§ **Exercise input**
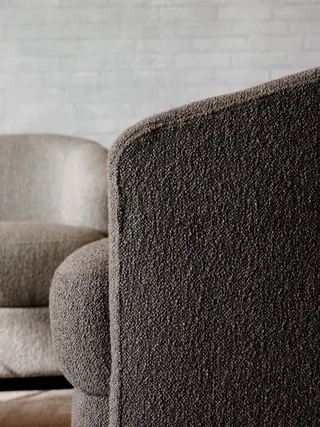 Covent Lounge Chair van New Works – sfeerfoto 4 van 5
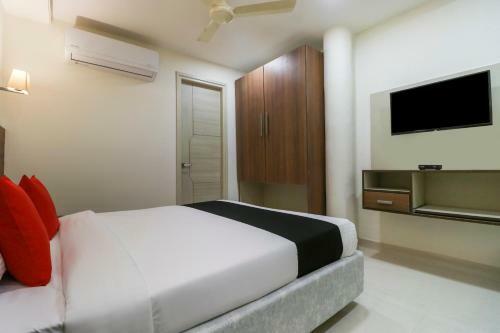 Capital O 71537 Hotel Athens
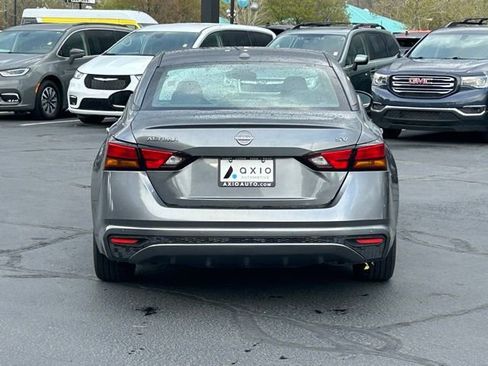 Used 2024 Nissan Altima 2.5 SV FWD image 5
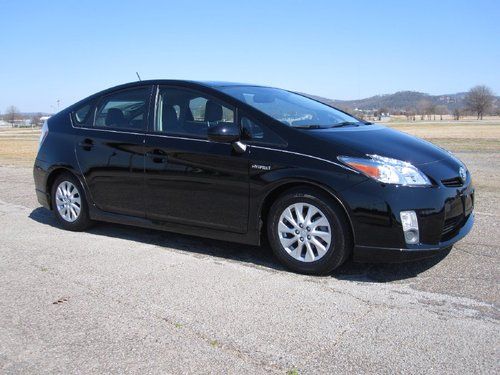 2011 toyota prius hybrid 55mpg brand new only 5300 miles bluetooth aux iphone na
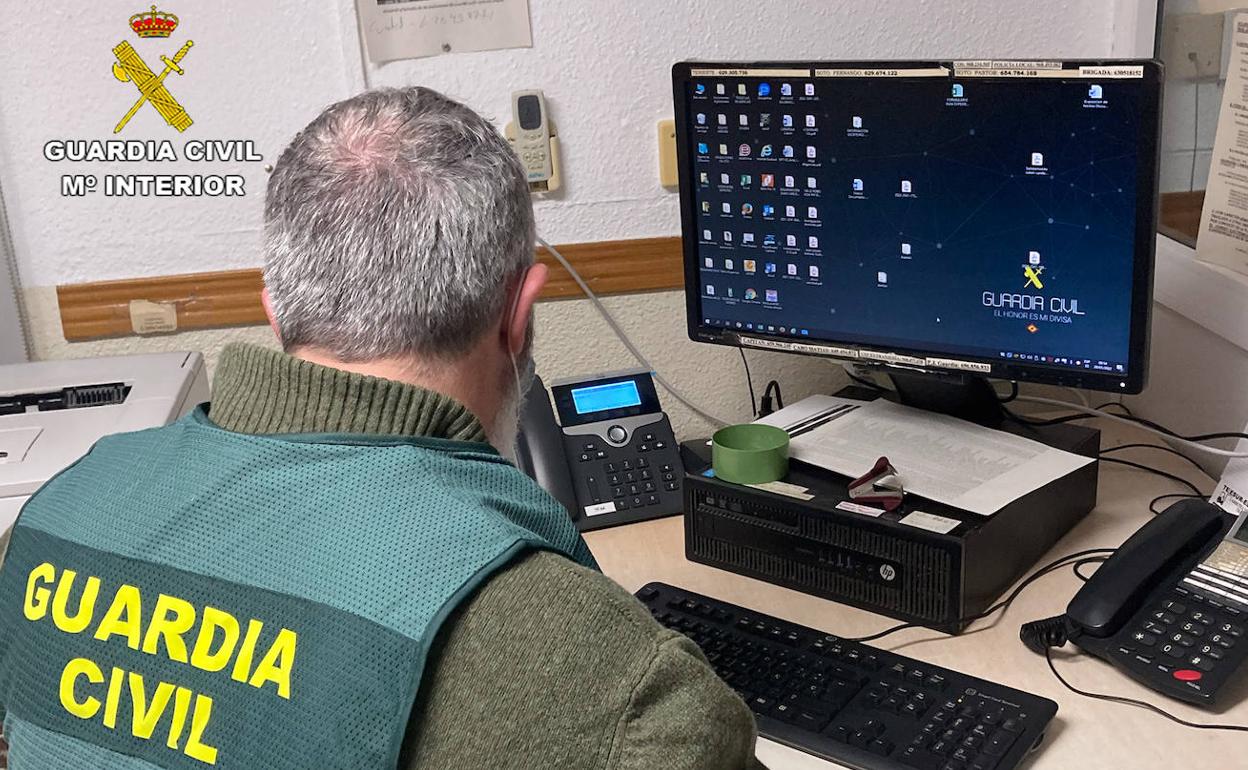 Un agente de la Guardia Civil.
--
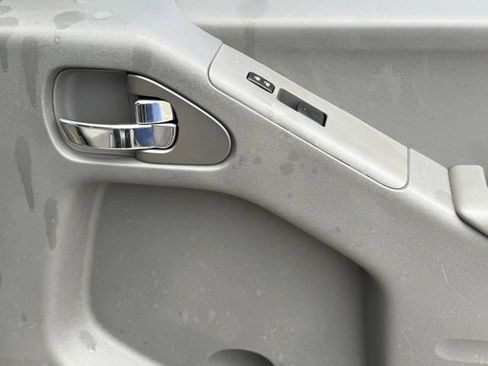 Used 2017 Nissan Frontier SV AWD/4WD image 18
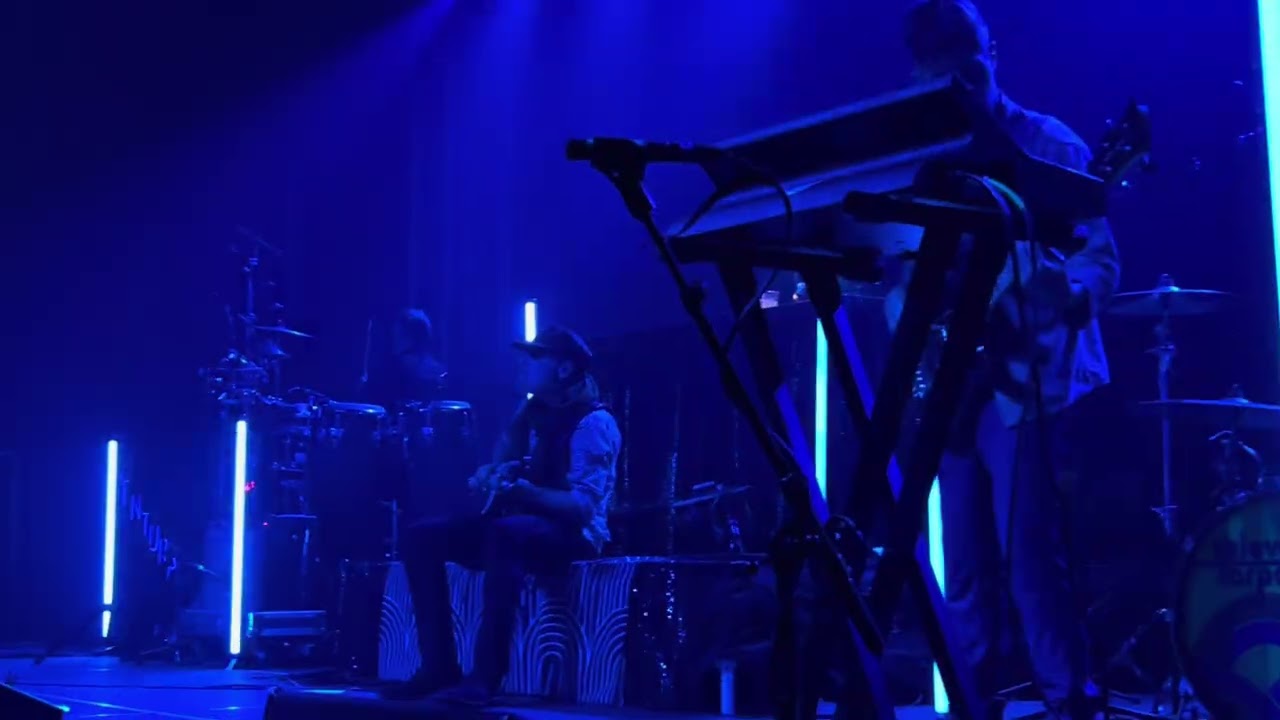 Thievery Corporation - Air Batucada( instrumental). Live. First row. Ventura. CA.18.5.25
--
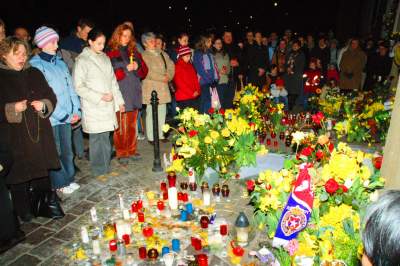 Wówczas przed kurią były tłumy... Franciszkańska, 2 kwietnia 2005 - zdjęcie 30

§ **Problem details**
Copy only what lies between the line with "2011 toyota prius" and the line with "Un agente de la Guardia Civil.", those two lines included, exactly as given above; pictures stay out.

§ **Exercise answer**
 2011 toyota prius hybrid 55mpg brand new only 5300 miles bluetooth aux iphone na
 Un agente de la Guardia Civil.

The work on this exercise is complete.